INPUT DATA:
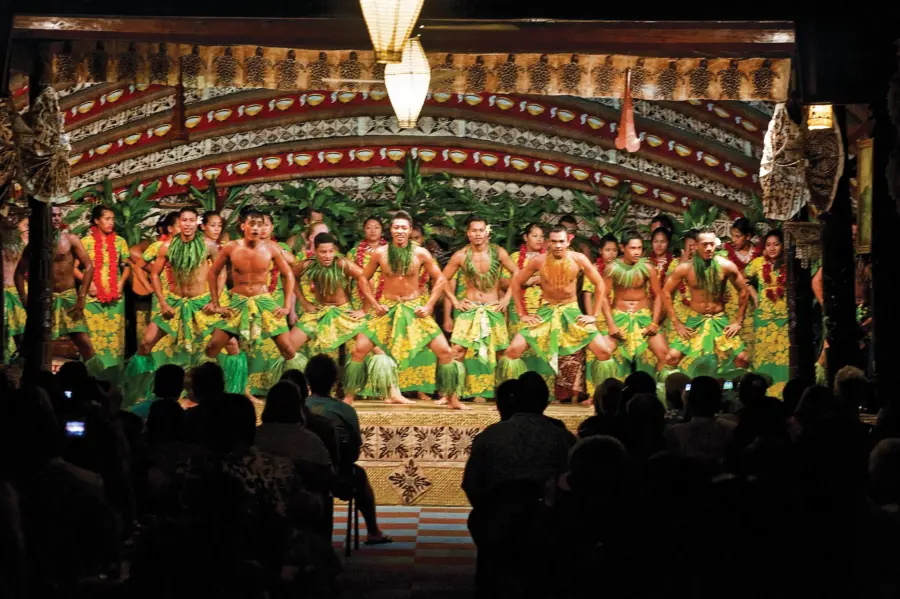 Polynesian dancers performing on a decorated stage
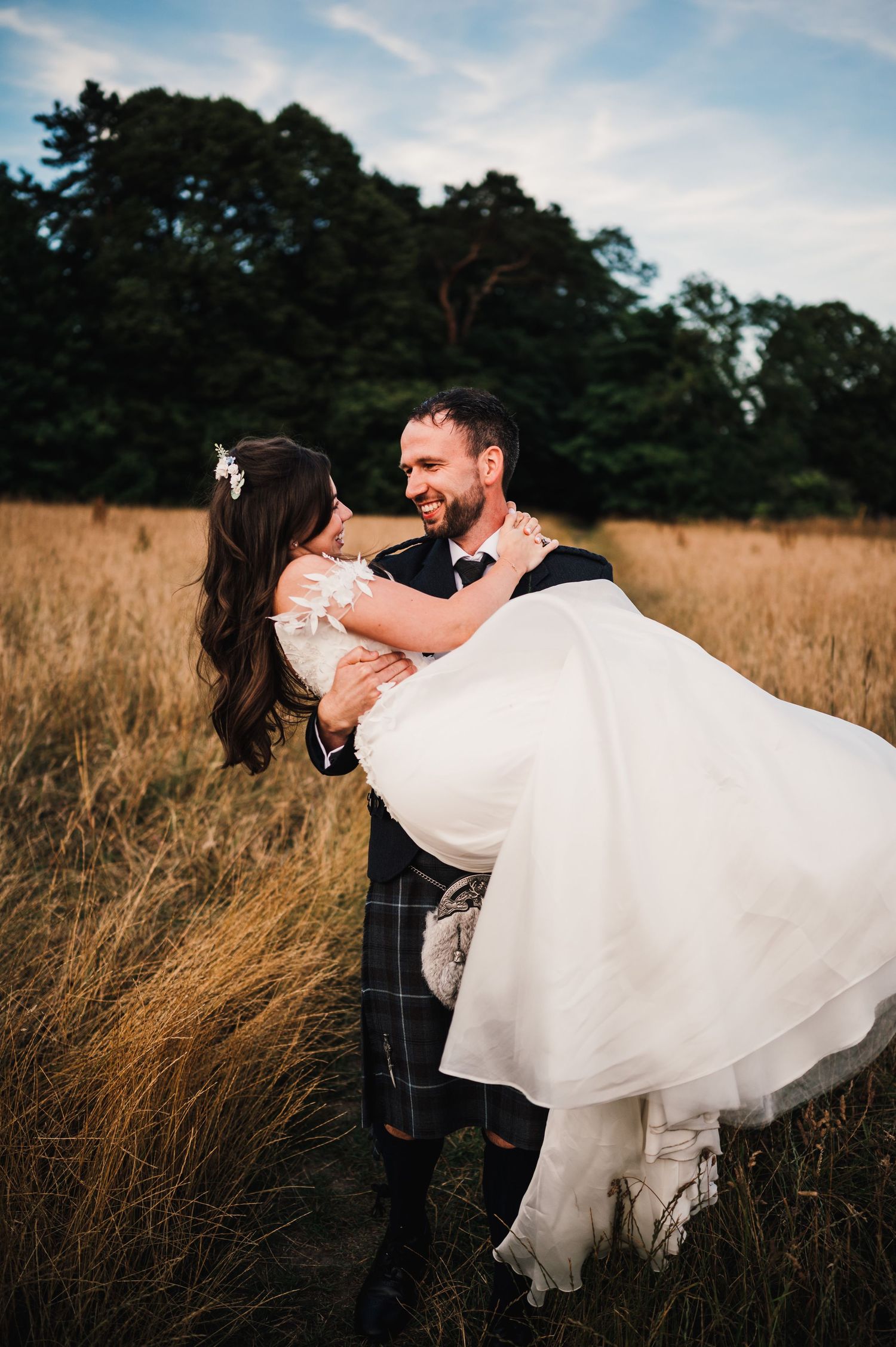 A groom in traditional Scottish attire carries his bride through a sunlit field.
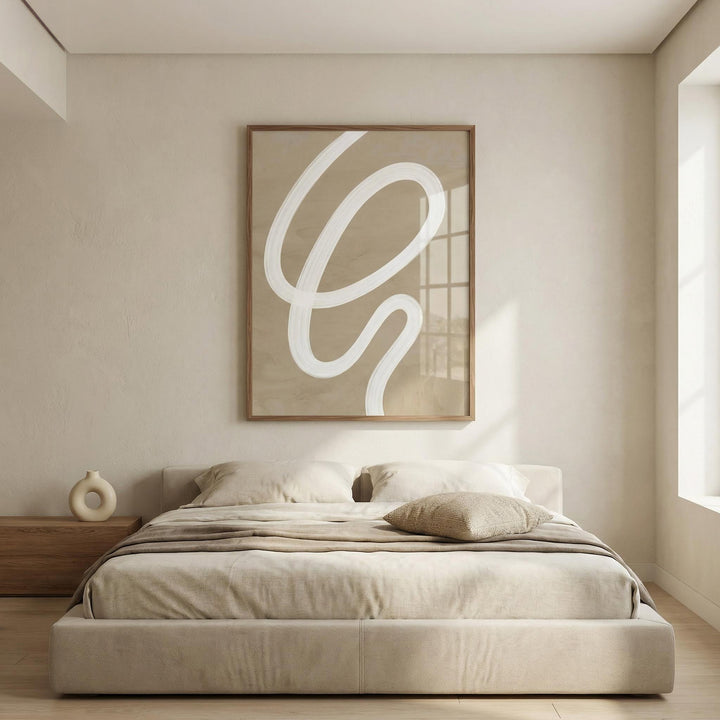 Abstract painting minimalist above a beige bed with neutral bedding and a circular vase on a wooden bedside table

AIM OF THE EXERCISE:
The pictures are to be omitted, and the rest of the listing is to be transcribed exactly.

ANSWER FOR THE TASK:
 Polynesian dancers performing on a decorated stage
 A groom in traditional Scottish attire carries his bride through a sunlit field.
 Abstract painting minimalist above a beige bed with neutral bedding and a circular vase on a wooden bedside table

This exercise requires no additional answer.